Now we have figured out the calculations required to design a phase coupler. Armed with this knowledge, we know that designing a phase coupler for Insteon should not be a big deal. By the way, Insteon protocol is not without its own set of idiosyncrasies but it is more robust than X10 due to acknowledgements and dual mesh with RF communication complementing power line communication.
Insteon uses a power line carrier frequency of 131.65 KHz. Now I'll solve LC resonant frequency equation for L with C = 1 microfarad (uF) and f = 131.65 KHz. Solving this equation, we get L = 1.47 microhenry (uH), which I can round off to 1.5 uH. A one microfarad capacitor value is represented on the packaging as 105K. Now we've got the solution for Insteon phase coupler parts.
All I have to do is to replace 0.1 uF 400V capacitor inside the X10 passive phase coupler with a 1.0 uF 400V metalized polyester film non-polar capacitor.

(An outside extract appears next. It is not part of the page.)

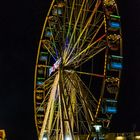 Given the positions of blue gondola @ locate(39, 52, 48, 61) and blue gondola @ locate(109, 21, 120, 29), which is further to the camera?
blue gondola @ locate(39, 52, 48, 61)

Second step is to replace 17.6 uH choke with a 1.5 uH, 100 milliamps choke.
Here are two front and back pictures of a passive dryer/washer type X10 phase coupler.
Here is another picture of the guts in which I have made replacements of capacitor and inductor to make it Insteon compatible.
There are many vendors on the Internet who are selling passive couplers, which they claim are X10 and Insteon compatible. I don't know how they can make such a thing without either a variable capacitor or a variable inductor or a switch. Most likely these passive couplers are tuned for X10. Since band-pass filters have a narrow range, an X10 phase coupler will allow 131.65 KHz frequency to pass through but the LC filter tuned for 120 KHz X10 signal will definitely weaken 131.65 KHz Insteon signal substantially. Alternatively, these vendors claiming to have X10/Insteon compatible phase couplers may be using only a capacitor as a filter coupler instead of an LC filter coupler. Even this solution will have its own set of problems and such a capacitor will allow more noise to pass from one phase to another along with the carrier signal.
SmartHome makes an Insteon phase coupler that has to be installed at the mains power circuit breaker box. I haven't asked SmartHome why they are not making Insteon compatible passive phase couplers that could be plugged into a 220V dryer socket. I think I can guess some reasons. One of those reasons could be reliability. An Insteon phase coupler installed at the breaker box will be more reliable for two reasons. First of all coupling at the breaker box provides the shortest run of wires before they are coupled. Dryer will add another 20 to 50 feet of wiring. Secondly, if the dryer trips, the coupler will stop working until you unplug the dryer and reset the circuit breaker. Therefore, installation at the circuit breaker level makes sense. If you are aware of other reasons, I'd definitely appreciate your comments here.